'Die Kapelle der Glasmaler' - Seiten 157 - 306

  • Viel Input in diesem langen Abschnitt.


    Wir lernen nun auch Thomas kennen, gegen sich Edwige damals zugunsten Clemens entschieden hatte.
    Was ist das für ein Mensch? In dem Moment, als er weinend am Küchentisch saß, hatte ich Mitleid mit ihm. Das verging aber in dem Moment, als er seinen Sohn völlig grundlos bis aufs Blut geprügelt hat.
    Jähzorn, der fast schon an Wahnsinn grenzt, scheint eines seiner größten Charakter-Merkmale zu sein. War das wirklich Liebe, die er damals - und angeblich jetzt noch - für Edwige empfindet?
    Sucht er in Lise, die ihrer Mutter so ähnlich sieht, nach Edwige oder macht er sich aus reinen Rachegelüsten an sie heran?
    Was mag Lise erwarten, wenn er sie erst mal besitzt? Schläge, Demütigung?


    Welche Verbindung gibt es zwischen de Montreuil und dem Bettler? Wer ist der Bettler mit dem zerstörten Gesicht, der über die Fähigkeit verfügt, Baupläne zu zeichnen?
    Zwei interessante Figuren. Ich bin gespannt, welche Entwicklungen hier noch folgen.

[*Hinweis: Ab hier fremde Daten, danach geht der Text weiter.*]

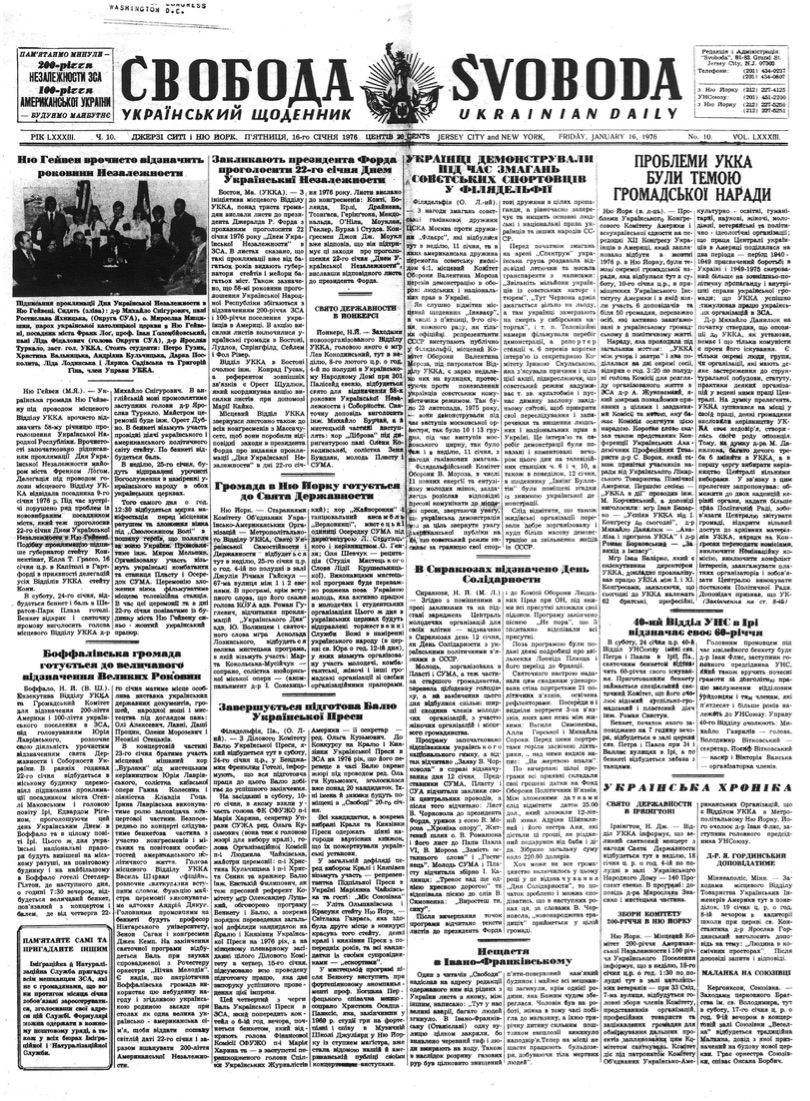 PDF обкладинка для 1976-010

    Ja, und zum Ende des Abschnittes taucht er auf, Donatien, Halb-Bruder von Ghislain. Richarde ist wohl die Mutter von Donatien, vermutlich auch von Raymond. Aber wer ist die Mutter von Ghislain und was ist mit ihr passiert? Der Vater jedenfalls lässt ihn suchen, ihn plagt wohl das schlechte Gewissen. Was mag es mit dem Testament auf sich haben?
    Die zwei Männer, die Ghislain verfolgt und fast getötet hätten, sind wohl von Richarde und Donatien beauftragt.


    Donatien wird hier, bevor sein Name erwähnt wird, als breitschultriger Mann beschrieben. Ich frage mich, ob er es ist, der ganz zu Anfang des Buches mit seinem Vater zur Dornenkrone pilgert.


    Fragen über Fragen. Auf in den nächsten Abschnitt :-)

    EDIT: Herrn Mountreuil's Namen korrigiert

  • In Kapitel 2 kommt die kurze Sexszene genauso unvermutet wie die darauffolgende Auseinandersetzung mit Aidan de Luzy.
    Bei beiden Szenen gibt es wieder den Blick auf nebenhergehende Details wie Ghislains verlegener Blick nach unten im Badezuber, in dem "zwei tote Flöhe und eine Wanze im Wasser vor seiner Brust schwammen" oder wie er bei de Luzys Attacke mit dem Hintern im Pferdemist landete.
    Diese Art zu schreiben gefällt mir sehr gut.


    Später trifft er Alix wieder, die beiden verstehen sich ganz gut.
    Ich mag sie, weil sie stets gut gelaunt ist, aber vielleicht ist sie (zumindest geistig) noch etwas unreif oder unsicher, da sie mehrfach die Bestätigung von Ghislain braucht, dass sie schön ist. Möglicherweise liegt es auch an ihrem schiefen Lächeln.


    Über Aimon bin ich dann auch wieder empört, als er den Lehrling auf Seite 184 nicht bezahlt. Sehr überheblich, dabei kann er anscheinend nicht mal lesen.
    Am Schluss dieses Kapitels die Enttäuschung für Ghislain, diese Frau de Luzy kennt er nicht.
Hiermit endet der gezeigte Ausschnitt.